Whether all individuals with early-stage hypertension, as defined by the HWG, should be treated with antihypertensive therapy requires further study. As the group emphasized in their 2005 report, characterizing hypertension as a complex CV disorder associated with, but not exclusively defined by, high BP is best viewed as a transitional strategy that is intended to generate further clinical research into improved strategies for detecting, treating, and possibly preventing the disease.^[4]

Summary

The key points advanced by the HWG in their updated hypertension position paper are that BP serves as a biomarker for the disease hypertension and, as such, elevated BP is not synonymous with hypertension. Some individuals may exhibit elevated BP in the absence of hypertension, whereas other individuals with the same levels of BP might be classified into different stages of hypertension.^[6] Therefore, for purposes of calculating total CV risk and staging patients as normal or hypertensive, BP should be evaluated in the context of other CV risk factors and disease markers.
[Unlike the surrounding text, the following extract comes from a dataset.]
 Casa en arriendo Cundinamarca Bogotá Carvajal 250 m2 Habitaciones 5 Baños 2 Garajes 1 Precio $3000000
Ultimately, it is hoped that the risk-based approach to defining and staging hypertension, as proposed by the HWG, will lead to earlier identification of individuals with hypertensive CVD. Preliminary data, such as that described by the TROPHY Investigators, suggest that lowering BP with pharmacologic therapy can prevent or delay the progression of hypertensive CVD even at early stages (ie, HWG stage 1 hypertension/JNC 7 prehypertension). Additional research is necessary to confirm these findings and identify cost-effective methods to detect and measure early CVD markers in clinical practice.